LG introduces “World’s First 8k OLED TV” at IFA 2018. (AFP pic)

Anyone who likes to enjoy watching in high resolution has probably invested in a 4K set and is working their way through the Netflix and Amazon 4K shows that show off the television’s capabilities. While many consider this the latest thing, South Korean tech rivals Samsung and LG have each showed off screen technology at the IFA tech event with even more pixels, brighter colours and unmatched contrasts.

Samsung unveiled the Q900R 8K QLED complete with 8K AI Upscaling, a television that will be available as soon as October in four giant sizes — 65, 75, 82 and 85 inches.

As for LG, it introduced an 8K OLED television that’s even bigger — a whopping 88 inches.

So QLED or OLED, what’s the difference?

In short, QLED — quantum dot technology on an LED panel — is a layer of special particles, sitting in front of the backlight, which can emit their own individual colours.
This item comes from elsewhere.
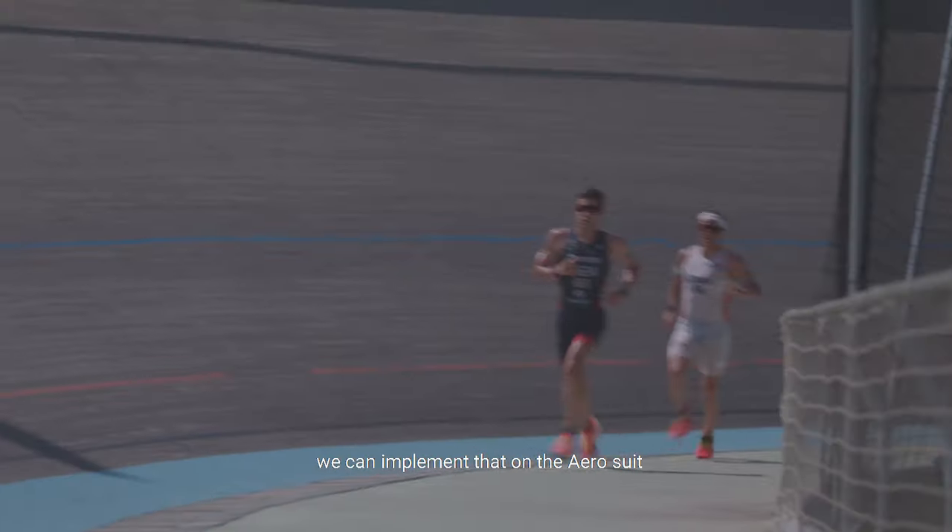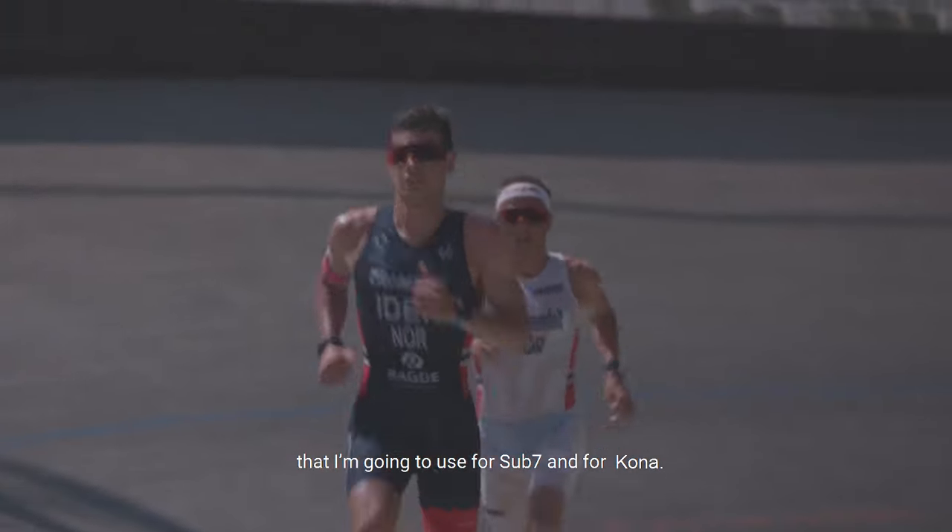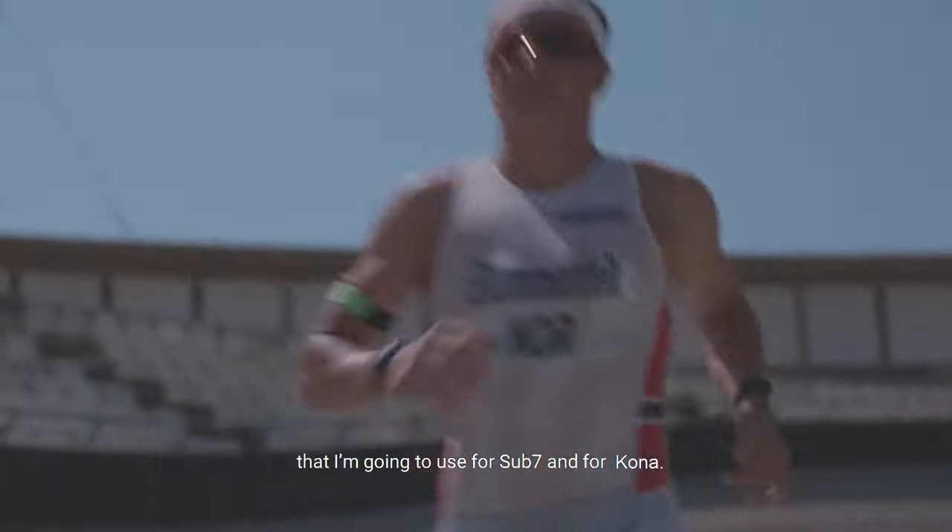We can implement that on the aerosuit that I'm using. It's going to be used for Sub-7 and for Kona.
Samsung claims its quantum dot technology can bring over a billion shades to the screen.

OLED on the other hand doesn’t require a backlight as the pixels themselves produce the light, hence the name, ‘organic light emitting diode technology.’ This generally allows screens to be thinner and flexible, attributes that LG have been making the most of, as the company revealed a 77-inch flexible screen earlier this year, as well as demonstrating a rollable 18-inch screen back in 2016.

But are we really ready for 8K?

It’s all very well running to the shop and spending over $10,000 on the latest 80-something inch television, but if there isn’t any 8K content to watch is it really worth it?

For Samsung “8K AI Upscaling” seems to be the brand’s solution to somewhat bridging the gap between the television and non-8K compatible content “regardless of the original source quality or format,” notes the firm. Therefore, as with 4K, those with the means to buy the latest hardware, won’t have the television shows to match — for now.

The Q900R 8K QLED will also feature a Real 8K Resolution capable of 4,000 nit peak brightness – a standard generally met by film studios. And like with all its premium models, there will be just one discrete cable for both the optical cable and power cord, as well as “One Remote” for a clutter-free way to control other connected devices.

Neither brand has given out a price, although there won’t be a long wait for the Samsung Q900R 8K QLED as it’ll be available in stores from end of September. It remains unclear when LG will start delivering their 8K OLED model.